文部科学省の2025年度予算概算要求では、新しい時代の学びを支える学校施設整備として公立学校施設整備に2048億円、国立大学・高専等施設整備に771億円、私立学校施設等整備に336億円のほか事項要求も行う。公立学校整備では標準仕様の抜本的見直しや物価変動の反映等による単価改定があり、対前年度比19・6%増。なお、一般会計は5兆3384億円で、前年度当初予算比で11・5%増としている。
公立学校施設整備では、学校施設の長寿命化を図る老朽化対策、バリアフリー化、特別支援学校の整備、他施設との複合化・集約化、校内ネットワーク環境の整備、非構造部材の耐震対策、避難所としての防災機能強化、空調設置、様式化を含めたトイレ改修等、学校施設のZEB化(高断熱化、LED照明、高効率空調、太陽光発電等)、木材利用の促進(木造、内装木質化)を計画。

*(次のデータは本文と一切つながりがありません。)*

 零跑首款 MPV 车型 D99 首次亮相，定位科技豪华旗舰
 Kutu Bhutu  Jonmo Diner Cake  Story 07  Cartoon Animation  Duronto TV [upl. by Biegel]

具体的な支援策として、特別支援学校の教室不足解消に向けた環境整備等のための改修等の補助率3分の1を2分の1へ引上げの時限延長(29年度まで)、屋外教育環境の整備に関する事業の補助時限を延長(29年度まで)を掲げる。単価改定は対前年度比19・6%増としたため、RC造の小中学校校舎の場合、24年度の㎡当たり29万6000円が、25年度は35万4100円となる。
国立大学・高専等施設整備では、安全・安心な教育研究環境の整備、イノベーション拠点の強化やカーボンニュートラルに向けた取り組みを進める。施設の戦略的リノベーションによる老朽改善、DXを含む教育研究の高度化・多様化・グローバル化等の機能強化、施設の長寿命化、2050年カーボンニュートラルに向けた脱炭素化を促進し、キャンパスの質および魅力の向上を図る。
私立学校施設・設備整備は、引き続き非構造部材や構造体の耐震対策、避難所機能の強化等の防災機能強化を重点的に支援。熱中症による事故の防止へ空調設備整備を推進。光熱費高騰等への対応として照明設備のLED化・空調設備の高効率化を加速する。
このほか、不登校対応で校内教育支援センターの設置促進事業に2億4000万円を要求。公立の小・中学校のうち、新たに設置する学校に対し、設置に必要な経費の支援を行う。対象は1600校。負担割合は国が3分の1、ほかは実施主体が負担する。